Der Schöpfer des Begriffs "Geopolitik" Rudolf Kjellén definierte 1916: „Geopolitik ist die Lehre über den Staat als geographischen Organismus oder als Erscheinung im Raum.“ Im Vorlauf der Begriffsentwicklung war Kjellén vom deutschen Zoologen und Geographen Friedrich Ratzel beeinflusst, der die Politische Geographie 1897 reformiert hatte und dadurch zu einem bedeutenden Ideologen des Kolonialismus geworden war.
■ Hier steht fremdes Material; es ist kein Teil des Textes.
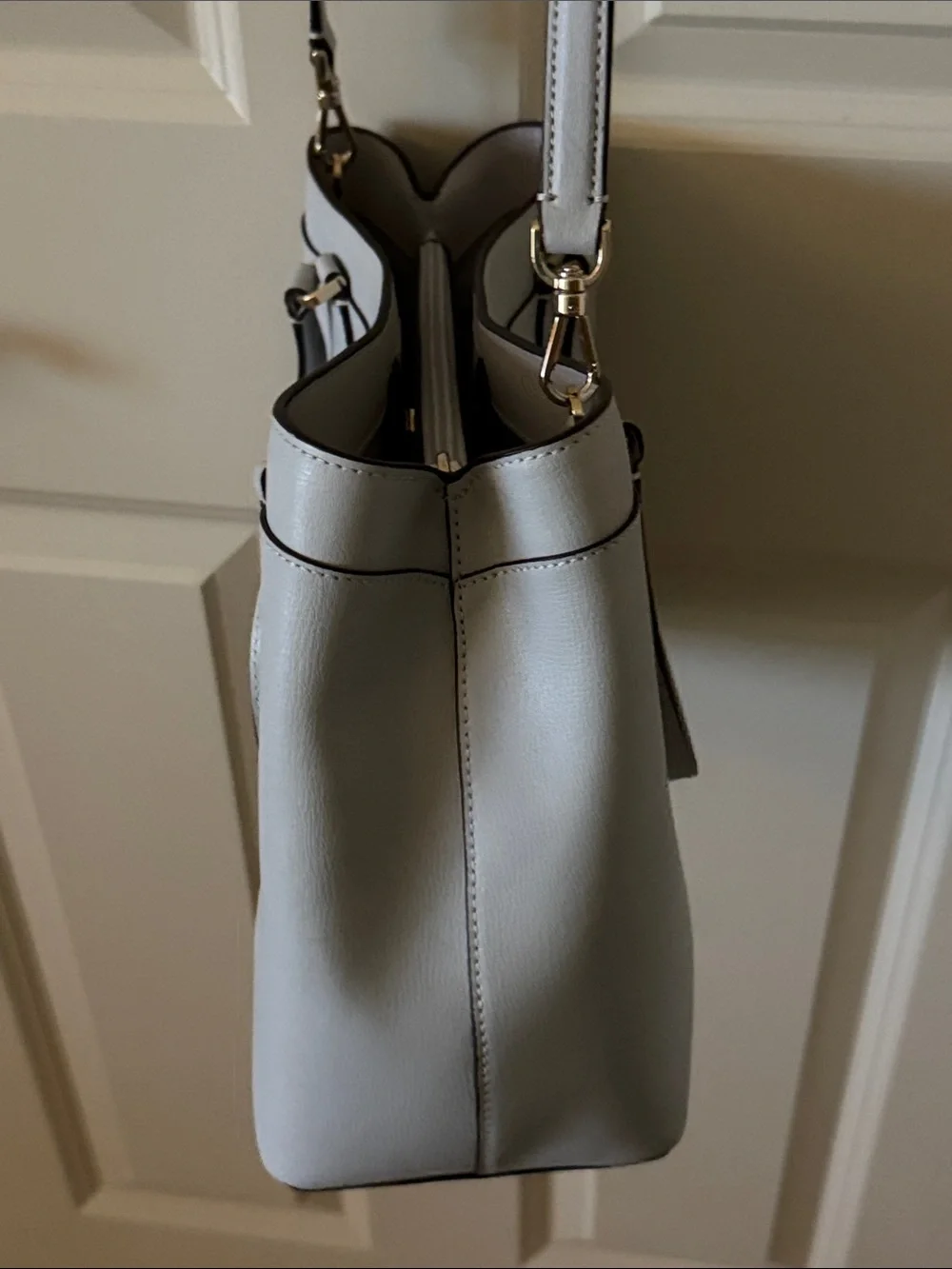 Kate Spade Women's Classic Light Gray Crossbody Bag EUC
Weil Friedrich Ratzel mit seinen Schriften auf dem Feld der Anthropo- oder Humangeographie sich eine große, auch internationale Aufmerksamkeit verschaffte galt er als Begründer der Anthropogeographie und der Politischen Geographie, die mit Begriffen aus einem radikalisierten Sozialdarwinismus eine Beschreibung der Entwicklung von Staaten hergab. Diese lehnte sich an biologistische Begrifflichkeiten, was Ratzel dazu brachte den Staat mit einem biologischen Organismus zu identifizieren. Wachstum (und Schrumpfen) von Staaten erklärte Friedrich Ratzel mit dem „Gesetz der wachsenden Räume“ und verknüpfte es mit Darwins „Kampf ums Dasein“. Kriege waren für ihn das „rasch verlaufende Experiment“, das über die Zukunft der Völker und ihre Rolle in der Geschichte entschied. Ähnlich wird solche Theorie auch heute schon wieder von neoliberalen Wirtschaftsideologen vertreten (siehe z.B. Konflikte der Weltpolitik).
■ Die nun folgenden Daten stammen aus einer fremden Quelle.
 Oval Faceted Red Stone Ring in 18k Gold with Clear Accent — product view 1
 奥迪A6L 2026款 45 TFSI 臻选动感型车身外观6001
Die Nationalsozialisten hatten ihre Kriege mit der Behauptung einer völkischen Notlage im weltweiten Verhältnis der Nationalstaaten begründet. Damit sollte ihre Machtpolitik mit "geostrategischen" Spekulationen vernebelt werden. Der Lebensraum ganzer Gesellschaften wurde damit selbst schon zu einem hinreichenden, weil natürlich scheinenden Zweck von Landnahmen. Die Theorie vom "Volk ohne Raum" hatte eine unermessliche Besatzungs- und Vernichtungspolitik begründet, die sich besonders um die Länder im Osten und Süden hergemacht hatte. Einen ähnlichen Zweck verfolgen Betrachtungen über die nun "geopolitisch" begründeten "Notwendigkeiten" der militärischen Aufrüstung und Ausstattung und Bündnisse. was die politische Ökonomie ihrer Nationalstaaten zur Sanierung aus deren wirtschaftlichen und kulturellen Krisen nötig hatte gilt nun wieder mal als das Gewächs einer schicksalhaften Weltlage, der zu folgen unausweichlich wäre. Was die Bevölkerungen in ihrem wirtschaftlichen und kulturellen Lebenszusammenhängen ohnmächtig gemacht hatte und nach einer Erneuerung ihrer Gesellschaftsformationen verlangt wird in solcher Begrifflichkeit dem Auge und Sinn einer Wissensbildung entzogen, sondern die Zweckmäßigkeit einer verselbständigten Machtpolitik zum "Narrativ" einer politischen Kultur, die als Eingeständnis einer entmenschlichten Zivilisation begriffen werden sollte. Was dereinst Martin Heideggermartin hieraus gefolgert hatte tritt nun schon wieder als philosophierende Politik von neoliberalen Welterklärer wie George Friedmann auf. Die Befürwortung solcher Positionen kann nur zur Totalisierung von dem führen, dem sie sich entgegen stellt. Es muss endlich das Feld der Gemetzel rein politischer Argumentation verlassen und das herausgebildet werden, was das sachliche und kulturelle Vermögen der Menschheit bieten kann, wenn die Politisierung der Lebensgrundlagen aufgehoben wäre (siehe Kritik der politischen Ökonomie und Kritik der politischen Kultur).